Aired September 28, 2017 - 06:30   ET

THIS IS A RUSH TRANSCRIPT. THIS COPY MAY NOT BE IN ITS FINAL FORM AND MAY BE UPDATED.


[06:30:05] JOHN AVLON, CNN POLITICAL ANALYST: And presumably, the president does, too. But it's divisive and it's a distraction.

ALISYN CAMEROTA, CNN ANCHOR: Go ahead, Karoun.

KAROUN DEMIRJIAN, CNN POLITICAL ANALYST: And remember, if these are his friends, his friends -- many of his friends have already left him. He has -- NFL owners have come out and said, I supported him, I disagree with this. And that's pretty -- I mean, that's pretty clear.

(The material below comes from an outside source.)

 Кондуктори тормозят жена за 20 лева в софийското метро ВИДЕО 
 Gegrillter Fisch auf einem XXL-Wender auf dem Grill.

CHRIS CUOMO, CNN ANCHOR: And pitting owners against the players is a mistake. It's a mistake for the league and it's the mistake for the issues that we should be talking about.

AVLON: Yes.

CAMEROTA: Panel, thank you very much.

CUOMO: Anyway, the U.S. military -- I mean, it's like it, but it never ends. So, I got to buck up. -- called in to help the U.S. military to get the job done in Puerto Rico. There is no question they are needed. But what about timing? Are they at a point of desperation that will be difficult to control?

We're going to go live to the hurricane-battered island next.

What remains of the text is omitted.